The AWE functions exist on all editions of Windows and are usable regardless of how much physical memory a system has. However, AWE is most useful on 32-bit systems with more than 2 GB of physical memory because it provides a way for a 32-bit process to access more RAM than its virtual address space would otherwise allow. Another use is for security purposes: because AWE memory is never paged out, the data in AWE memory can never have a copy in the paging file that someone could examine by rebooting into an alternate operating system. (VirtualLock provides the same guarantee for pages in general.)

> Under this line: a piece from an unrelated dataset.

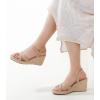 imageAnkis Wedge Sandals for Women Espadrille Womens Wedge Sandals Comfortable Open Toe Cross Band Ankle Strap High Heel Wedges for Women Dressy Summer 34InchNude Nubuck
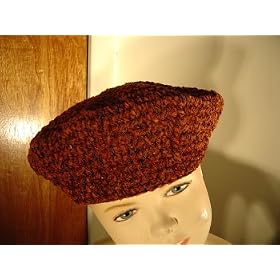 B305br, Hand Crocheted Brown Color Chenille and Gimp Tweed Dior Beret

Finally, there are some restrictions on memory allocated and mapped by the AWE functions:

Pages can’t be shared between processes.
The same physical page can’t be mapped to more than one virtual address in the same process.
Page protection is limited to read/write, read-only, and no access.

Figure 10-5. Using AWE to map physical memory

AWE is less useful on x64 or IA64 Windows systems because these systems support 8 TB or 7 TB (respectively) of virtual address space per process, while allowing a maximum of only 2 TB of RAM. Therefore, AWE is not necessary to allow an application to use more RAM than it has virtual address space; the amount of RAM on the system will always be smaller than the process virtual address space. AWE remains useful, however, for setting up nonpageable regions of a process address space. It provides finer granularity than the file mapping APIs (the system page size, 4 KB or 8 KB, versus 64 KB).

For a description of the page table data structures used to map memory on systems with more than 4 GB of physical memory, see the section Physical Address Extension (PAE).